### [BRIEF]
Return the data below unchanged. Drop any pictures.

Short descriptive text snippets
↓↓↓

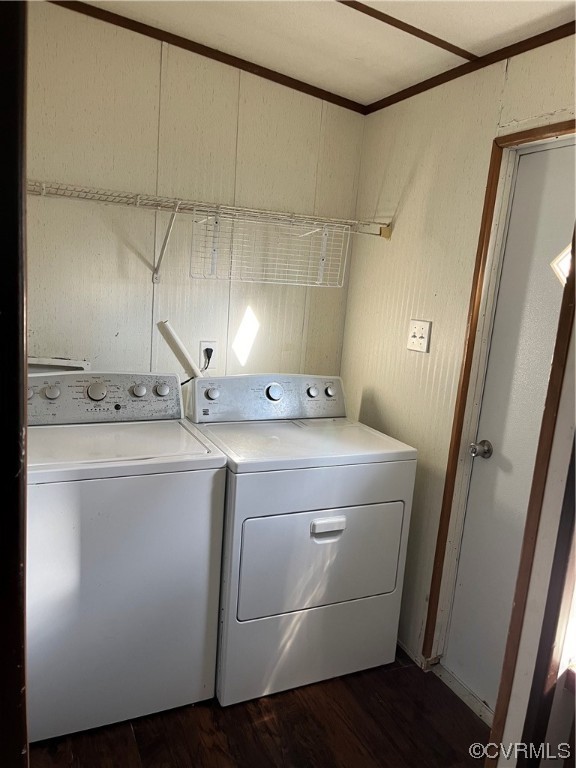 Laundry area featuring independent washer and dryer and dark hardwood / wood-style flooring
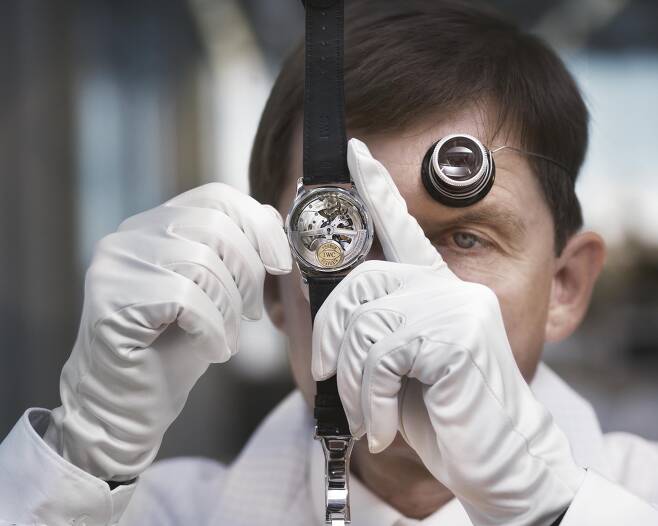 IWC의 시계 제작 장인이 시계 안팎을 직접 들여다 보며 점검하고 있다. 사진 IWC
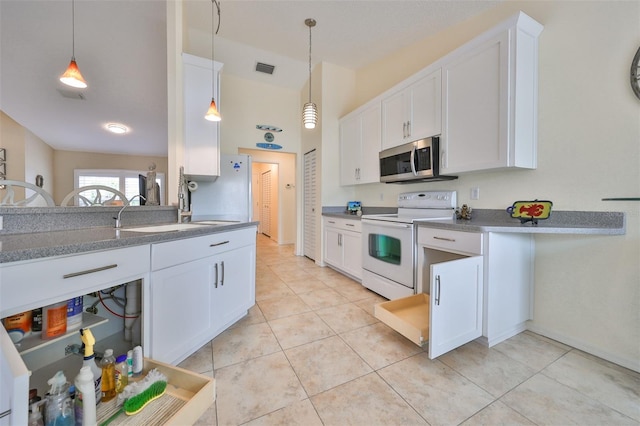 kitchen featuring white electric range oven and white cabinets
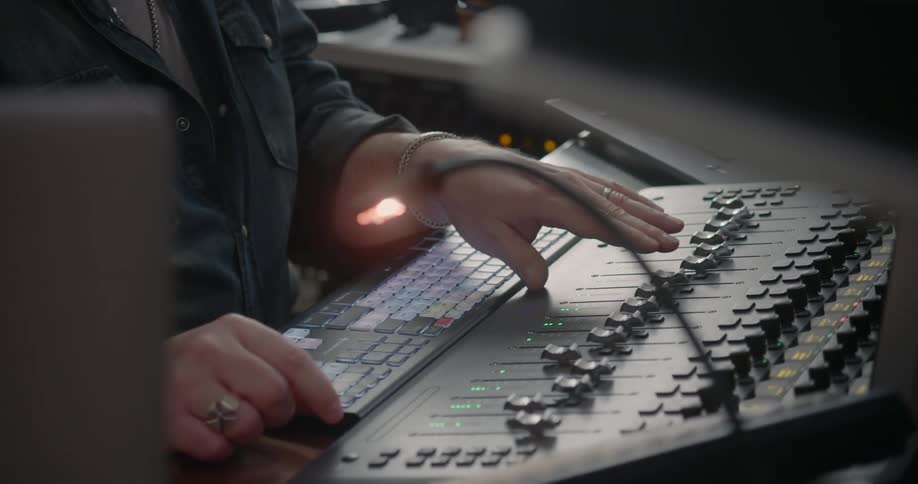 A music producer moves controls on a mixing rack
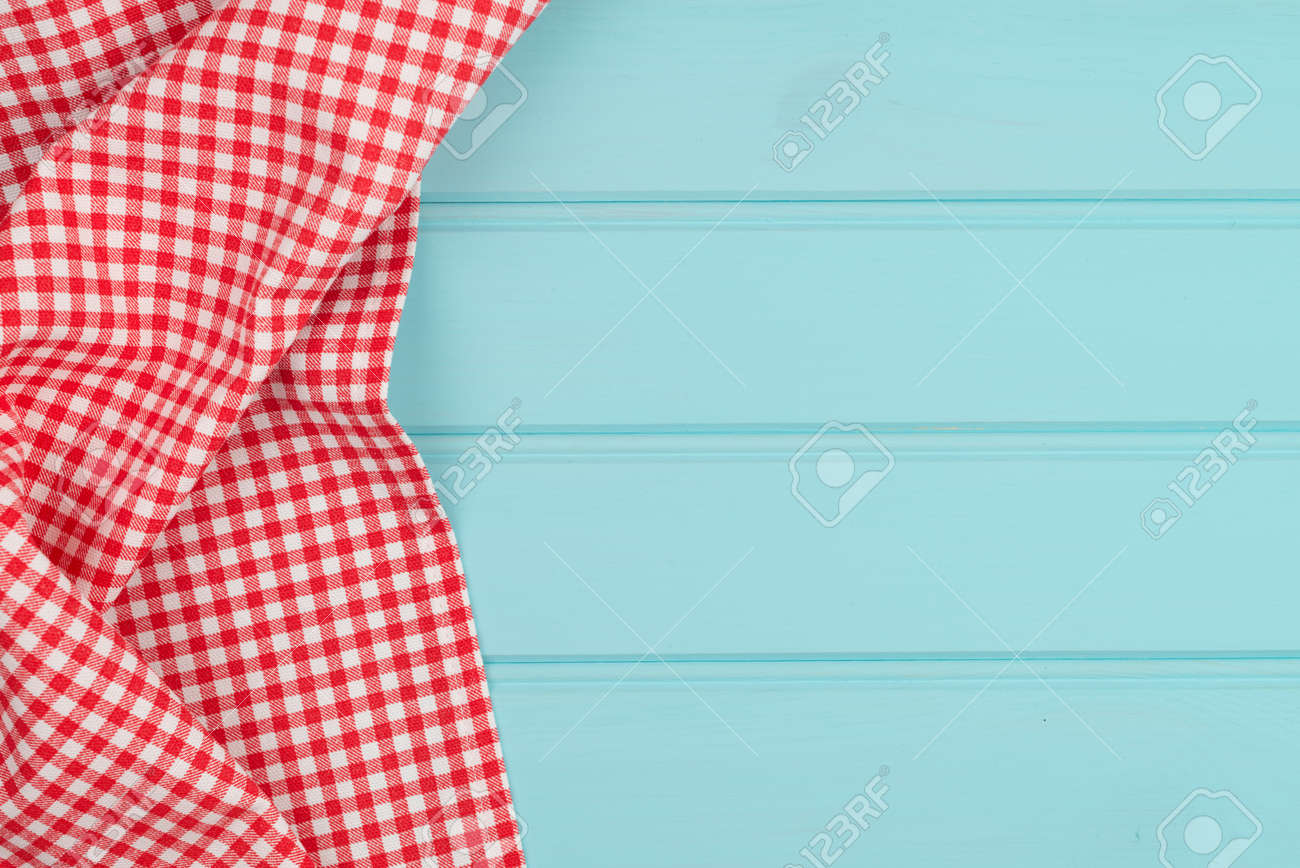White and red towel over wooden kitchen table. View from above. - 39634388 White and red towel over wooden kitchen table. View from above. - 39634388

↑↑↑

### [REPLY TO THE TASK]
 Laundry area featuring independent washer and dryer and dark hardwood / wood-style flooring
 IWC의 시계 제작 장인이 시계 안팎을 직접 들여다 보며 점검하고 있다. 사진 IWC
 kitchen featuring white electric range oven and white cabinets
 A music producer moves controls on a mixing rack
White and red towel over wooden kitchen table. View from above. - 39634388 White and red towel over wooden kitchen table. View from above. - 39634388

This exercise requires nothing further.